In the Spotlight
- CBS canceled Morris Chestnut’s Watson after two seasons and DMV after just one on March 27.
- Watson’s series finale will air on May 3, while DMV’s final episode lands on May 11 on CBS.
- Watson struggled with low ratings after moving to Mondays before being shifted back to Sundays.
- DMV held steady broadcast numbers, but its delayed multi-platform viewership declined significantly over time.
Two CBS shows that had spent months on the bubble have officially run out of time. On March 27, the network confirmed it is canceling Watson, the Sherlock Holmes-adjacent medical drama starring Morris Chestnut, after two seasons, and DMV, the workplace comedy set in an East Hollywood Department of Motor Vehicles, after just one.
The announcements came as CBS finalized its 2026‑27 schedule, and for the casts and crews of both shows, the uncertainty is finally over. Fans on social media are sharing shock, disappointment, and speculation about the future of the actors.
Watson Ends Its Run After Two Seasons
As Variety reported, Watson was created by Craig Sweeny and executive produced with Morris Chestnut, Larry Teng, Shäron Moalem, Aaron Kaplan, and Brian Morewitz.
The drama reimagined Arthur Conan Doyle‘s iconic character as a medical detective investigating rare diseases. Premiering in January 2025, it built a loyal audience, but ratings dropped after a fall move to Mondays before returning to Sundays in spring 2026.

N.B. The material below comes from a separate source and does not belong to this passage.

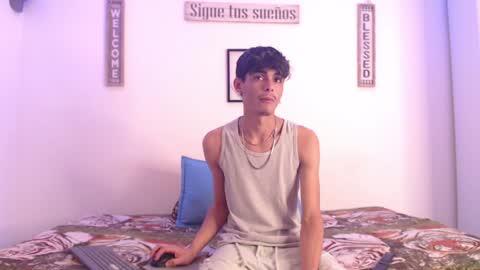 harry thomson online show from January 19, 7:04 am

Watson’s cancellation was effectively sealed when CBS gave early renewals to new dramas Marshals and CIA, leaving no path forward for the Chestnut-led procedural.

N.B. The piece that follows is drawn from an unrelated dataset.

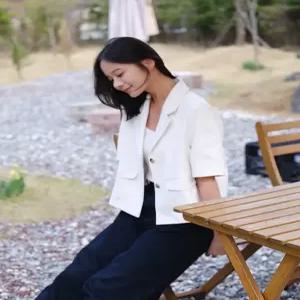 헤지스 여성 25SS [린넨]오프화이트 반소매 크롭 자켓 HSJA5BP21OW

The already-filmed series finale will air May 3 at 10 p.m. ET, giving fans a final visit to Watson’s clinic. For Morris Chestnut, the cancellation closes one of his most high-profile television roles to date.
DMV Axed After a Single Season
According to The Hollywood Reporter, DMV starred Harriet Dyer, Tim Meadows, and Tony Cavalero as underpaid East Hollywood DMV workers navigating office dramas and difficult customers.
Its March 16 episode drew 2.8 million live viewers in its live airing, but delayed multi-platform viewership declined steadily, a metric CBS increasingly weighs when making renewal decisions.

The network ultimately canceled the comedy as it committed to returning and new titles, including Marshals, CIA, NCIS, and Survivor, for its 2026‑27 slate.
DMV’s series finale will air May 11 at 8:30 p.m. ET. Creator Dana Klein built a genuinely beloved ensemble, who served as the showrunner throughout the single season, making the one-season run a particularly bitter outcome for a cast that never fully found its footing.
What the Cancellations Mean for CBS
The dual axings carry a weight beyond ratings. As TheGrio noted, the cancellation of both Watson and DMV leaves CBS without any Black-led scripted programming for the foreseeable future, a striking gap for a network that has historically prioritized diverse storytelling.
Two new series, Cupertino from Robert and Michelle King and Einstein starring Matthew Gray Gubler, will join the 2026-27 lineup, but neither fills the representational space Watson and DMV occupied.
Much like the most popular TV shows of all time that defied cancellation odds to become cultural staples, both Watson and DMV deserved a longer runway than they received. Their finales in May will close a brief but meaningful chapter in CBS history and leave their fans wondering what a third season could have looked like.